Assigned task:
Having located "The Last Summoner Chapter 6 #78" in the listing below, write out its line and every following line exactly, last line included, without the pictures.

======== Given data

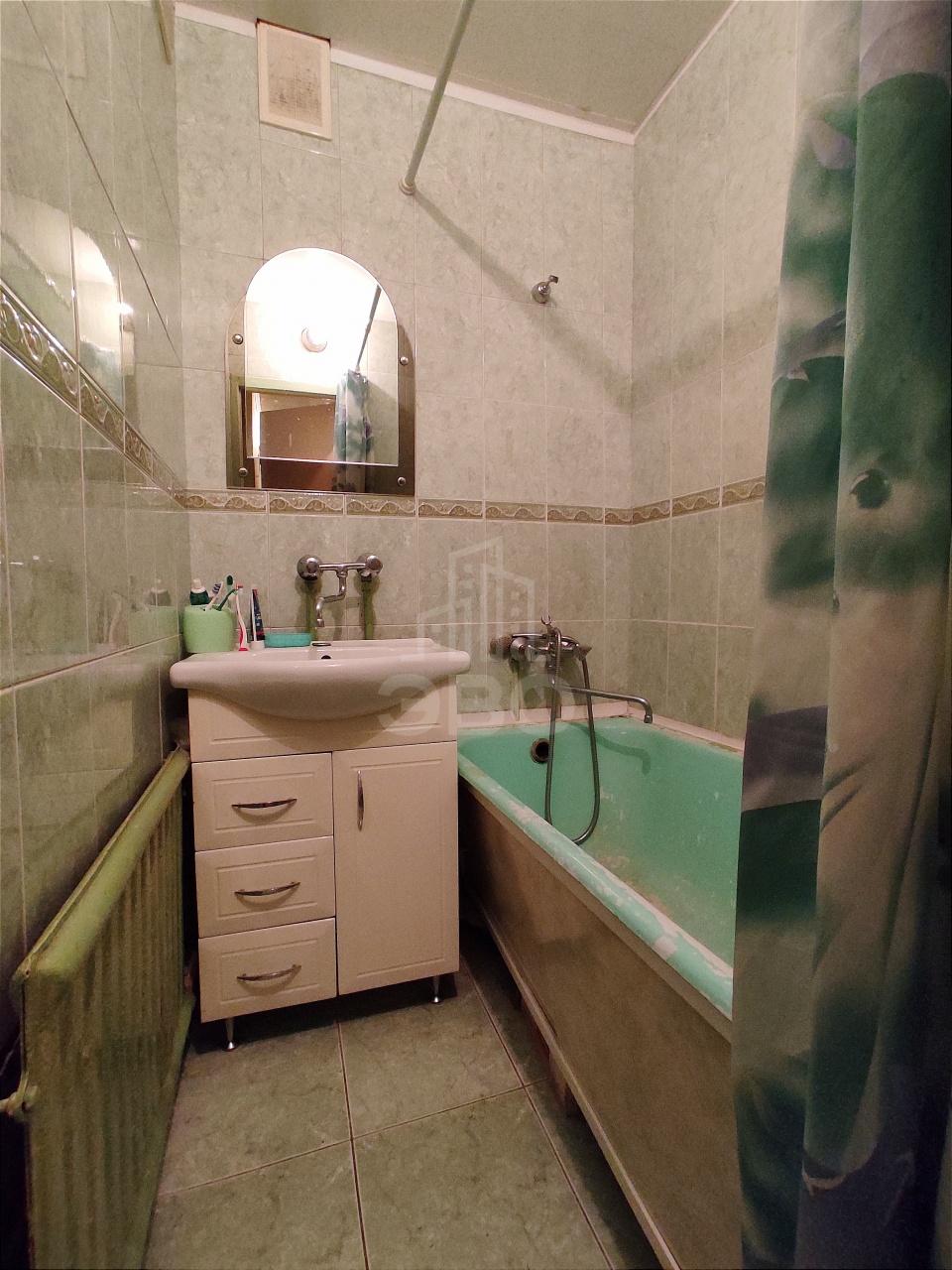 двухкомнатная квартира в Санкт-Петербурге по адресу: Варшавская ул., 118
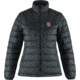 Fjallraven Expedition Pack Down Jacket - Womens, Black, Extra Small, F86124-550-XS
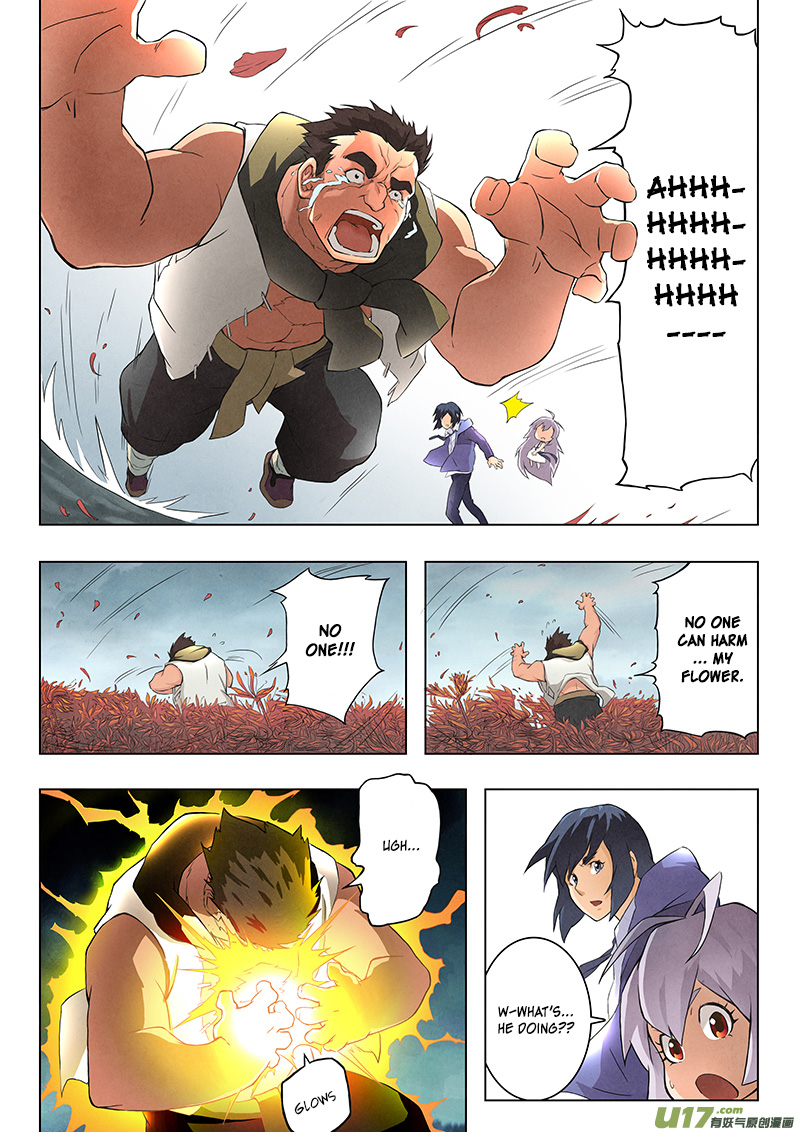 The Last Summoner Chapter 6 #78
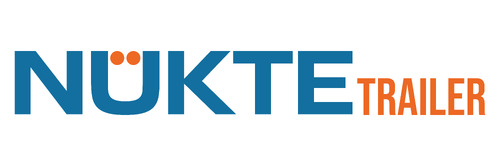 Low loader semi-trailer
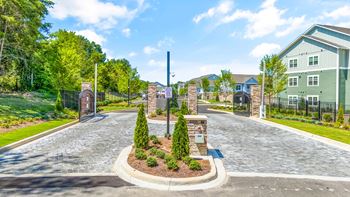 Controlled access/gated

================

Solution:
 The Last Summoner Chapter 6 #78
 Low loader semi-trailer
 Controlled access/gated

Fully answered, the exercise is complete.